Find answers to the age old questions: What do Japanese people eat other than sushi? What is wabi sabi? Why are there so few garbage bins in Japan and yet everywhere is so clean? How do Japanese people stay so slim? Why is the cherry blossom the essence of the Japanese aesthetic?
I write about Japanese cuisine, manners and concepts as well as travel adventures throughout Wakayama, the "hidden gem" of Japan. Learn why it has become the number one location for Japanese travellers. What is it about Wakayama that makes it such a desirable “off the beaten path” travel destination?
There are certain manners that should be followed when using chopsticks in Japan. Learn basic chopstick etiquette before you travel to Japan!
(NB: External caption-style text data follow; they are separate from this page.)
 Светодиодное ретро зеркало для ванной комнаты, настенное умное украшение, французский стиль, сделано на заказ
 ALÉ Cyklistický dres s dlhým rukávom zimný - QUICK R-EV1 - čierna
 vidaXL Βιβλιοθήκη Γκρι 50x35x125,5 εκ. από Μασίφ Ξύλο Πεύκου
Before eating, do not rub your wooden chopsticks together to remove possible splinters as this implies that the chopsticks are low quality and that the restaurant is cheap. Remove chopsticks from the paper sleeve and place them on the chopstick holder when not in use. If there is no holder, make one out of the paper sleeve.
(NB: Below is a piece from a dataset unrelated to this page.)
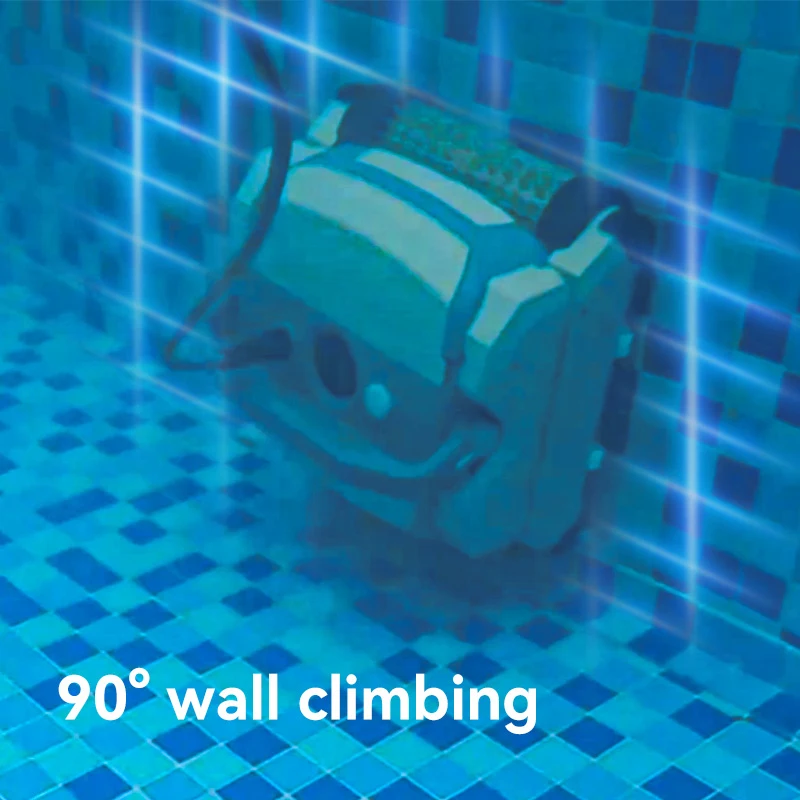 Automatic Pool Vacuum Cleaner Pool Waterline Cleaning 130W Powerful Suction Pool Cleaner Machine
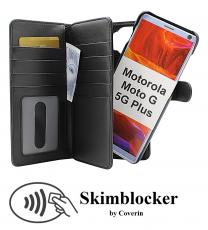 CoverInSkimblocker XL Magnet Wallet Motorola Moto G 5G Plus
Do not make gestures using your chopsticks or stick your chopsticks into a communal dish; instead, turn them around so that you pick up food with the opposite end.
An absolute ‘no no’ is to stick your chopsticks into a bowl of rice and leave them there upright or to pass food to someone else from your chopsticks to theirs - these are gestures used during traditional funeral rites in Japan when mourners use chopsticks to pass the bones of the deceased from relative to relative. Therefore replicating these gestures at the dinner table would be regarded as very bad taste.
Of course, as in any culture, there are rude people as well as polite people. During your travels throughout Japan, you may encounter Japanese teenagers shovelling down their food, but for the most part, the Japanese follow a strict dining code.